The question and answer concludes that there is no longer inequality of bargaining power under the common law model. It is not clear to me whether the drafter is making a controversial normative claim (like “guns don’t kill people” or “there is no such thing as society”), or just lacks any grasp whatever of employment law. In either case, the person should not be drafting substantive multiple choice employment law questions.
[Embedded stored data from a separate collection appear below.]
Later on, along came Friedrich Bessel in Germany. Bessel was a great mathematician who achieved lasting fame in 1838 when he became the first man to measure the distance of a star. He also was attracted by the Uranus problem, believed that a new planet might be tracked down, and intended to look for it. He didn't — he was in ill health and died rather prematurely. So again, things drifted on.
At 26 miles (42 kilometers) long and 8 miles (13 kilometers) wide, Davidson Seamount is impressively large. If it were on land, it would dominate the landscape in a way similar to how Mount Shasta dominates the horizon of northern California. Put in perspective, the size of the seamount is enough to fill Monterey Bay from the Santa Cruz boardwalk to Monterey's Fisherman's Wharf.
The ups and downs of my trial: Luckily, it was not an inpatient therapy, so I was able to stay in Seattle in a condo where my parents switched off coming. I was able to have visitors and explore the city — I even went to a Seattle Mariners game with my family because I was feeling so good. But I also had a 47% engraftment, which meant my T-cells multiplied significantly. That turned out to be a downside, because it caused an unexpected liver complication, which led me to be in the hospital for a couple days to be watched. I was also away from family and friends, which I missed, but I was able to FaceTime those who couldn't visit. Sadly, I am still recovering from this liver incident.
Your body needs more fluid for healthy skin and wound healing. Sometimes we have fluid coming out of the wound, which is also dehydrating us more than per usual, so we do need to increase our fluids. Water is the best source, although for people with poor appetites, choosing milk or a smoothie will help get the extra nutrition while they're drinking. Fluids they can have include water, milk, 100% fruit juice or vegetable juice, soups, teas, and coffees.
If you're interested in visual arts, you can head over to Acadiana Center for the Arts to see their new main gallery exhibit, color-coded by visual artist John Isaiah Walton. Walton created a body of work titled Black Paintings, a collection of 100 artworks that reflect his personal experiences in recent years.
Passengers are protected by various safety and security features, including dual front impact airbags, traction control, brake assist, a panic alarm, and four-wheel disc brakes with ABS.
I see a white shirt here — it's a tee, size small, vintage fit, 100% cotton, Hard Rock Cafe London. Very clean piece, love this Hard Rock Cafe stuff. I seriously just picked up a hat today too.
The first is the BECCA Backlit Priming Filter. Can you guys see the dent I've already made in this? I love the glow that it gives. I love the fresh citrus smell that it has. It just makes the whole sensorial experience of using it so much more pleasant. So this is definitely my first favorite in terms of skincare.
It’s also curious that the drafter did not include “Collective Bargaining Law”, which would be the closest example of a legal regime that produces equality of bargaining power between employer and employee. I can only presume that is because the drafter is opposed to unions and collective bargaining, which would be consistent with the belief that the common law solves all concerns about inequality of bargaining power. If there were no inequality of bargaining power, then a central justification for collective bargaining would simply vanish. I presume that is the drafter’s secret desire.
At best, this question is the basis for an essay question in which normative points can be debated. For example, I have used similar questions on employment law exams, like this: You overhear someone in a bar saying the following: “The Common Law ensures equality of bargaining in the employment relationship.” Discuss this quote using examples from the course. That is a lot different than what is happening in the multiple choice context, where the “correct answer” simply assumes that employees and employers enjoy equality of bargaining power thanks to common law doctrine, which is a crazy assertion.
My brief experience in reviewing questions used to test knowledge of employment law concepts has left me very concerned about the quality and competence of those teaching work law in Canada outside of the academy. Some non-academics, including practicing employment lawyers with expertise in the field and people with years of experience applying the law but who may not be lawyers, are no doubt very knowledgeable and capable. The challenge is that there is an army of people teaching employment law classes all over the place who lack expertise and without any effective oversight by experts of what they are teaching. Employment law is highly complex, full of pitfalls, and is not an area of law that can be dabbled in. It matters, because ignorance of the law is a substantial hurdle to effective legal enforcement in our field.